Parsing splits a sequence of characters or values into smaller parts. It can be used for recognizing characters or values that occur in a specific order. In addition to providing a powerful, readable, and maintainable approach to regular expression pattern matching, parsing enables you to create your own custom languages for specific purposes.

The parse function has the general form:

parse series rules

The series argument is the input that is parsed and can be a string or a block. If the argument is a string, it is parsed by character. If the argument is a block, it is parsed by value.

The rules argument specifies how the series argument is parsed. The rules argument can be a string for simple types of parsing or a block for sophisticated parsing.
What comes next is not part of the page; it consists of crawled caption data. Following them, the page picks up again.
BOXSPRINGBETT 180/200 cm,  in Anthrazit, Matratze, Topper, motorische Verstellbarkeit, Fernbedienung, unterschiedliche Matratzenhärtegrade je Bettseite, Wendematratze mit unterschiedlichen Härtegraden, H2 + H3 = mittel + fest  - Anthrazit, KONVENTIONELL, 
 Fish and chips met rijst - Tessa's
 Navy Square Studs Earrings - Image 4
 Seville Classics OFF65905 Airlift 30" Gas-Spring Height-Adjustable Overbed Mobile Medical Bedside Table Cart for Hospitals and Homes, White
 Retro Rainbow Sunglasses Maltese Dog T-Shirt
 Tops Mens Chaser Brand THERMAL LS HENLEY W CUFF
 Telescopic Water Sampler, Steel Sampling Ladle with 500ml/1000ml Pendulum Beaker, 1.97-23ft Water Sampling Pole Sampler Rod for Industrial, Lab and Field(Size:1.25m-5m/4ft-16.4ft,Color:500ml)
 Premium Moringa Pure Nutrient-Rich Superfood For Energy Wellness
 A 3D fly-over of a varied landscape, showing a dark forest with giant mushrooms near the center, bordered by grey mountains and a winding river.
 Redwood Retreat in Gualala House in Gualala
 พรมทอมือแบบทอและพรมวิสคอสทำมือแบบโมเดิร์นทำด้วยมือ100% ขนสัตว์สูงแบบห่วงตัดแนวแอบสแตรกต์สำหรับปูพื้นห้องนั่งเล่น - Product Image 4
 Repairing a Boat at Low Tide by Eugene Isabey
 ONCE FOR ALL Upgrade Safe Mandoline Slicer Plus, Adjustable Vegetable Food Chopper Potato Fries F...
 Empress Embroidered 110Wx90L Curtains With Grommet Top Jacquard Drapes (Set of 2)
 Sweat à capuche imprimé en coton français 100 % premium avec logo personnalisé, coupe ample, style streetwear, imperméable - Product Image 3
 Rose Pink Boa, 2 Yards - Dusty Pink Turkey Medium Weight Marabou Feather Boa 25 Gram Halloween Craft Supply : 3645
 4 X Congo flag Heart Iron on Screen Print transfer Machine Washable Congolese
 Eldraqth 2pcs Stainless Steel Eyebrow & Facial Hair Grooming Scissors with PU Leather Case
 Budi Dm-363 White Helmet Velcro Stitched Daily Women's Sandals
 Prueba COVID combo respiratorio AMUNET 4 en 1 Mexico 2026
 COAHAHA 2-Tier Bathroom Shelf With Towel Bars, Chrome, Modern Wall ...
The parse function also accepts two refinements: /all and /case. The /all refinement parses all the characters within a string, including all delimiters, such as space, tab, newline, comma, and semicolon. The /case refinement parses a string based on case. When /case is not specified, upper and lower cases are treated the same.

2. Simple Splitting

A simple form of parse is for splitting strings:

parse string none

The parse function splits the input argument, string, into a block of multiple strings, breaking each string wherever it encounters a delimiter, such as a space, tab, newline, comma, or semicolon. The none argument indicates that no other delimiters other than these. For example:

probe parse "The trip will take 21 days" none
["The" "trip" "will" "take" "21" "days"]

Similarly,

probe parse "here there,everywhere; ok" none
["here" "there" "everywhere" "ok"]

In the example above, notice that the commas and semicolons have been removed from the resulting strings.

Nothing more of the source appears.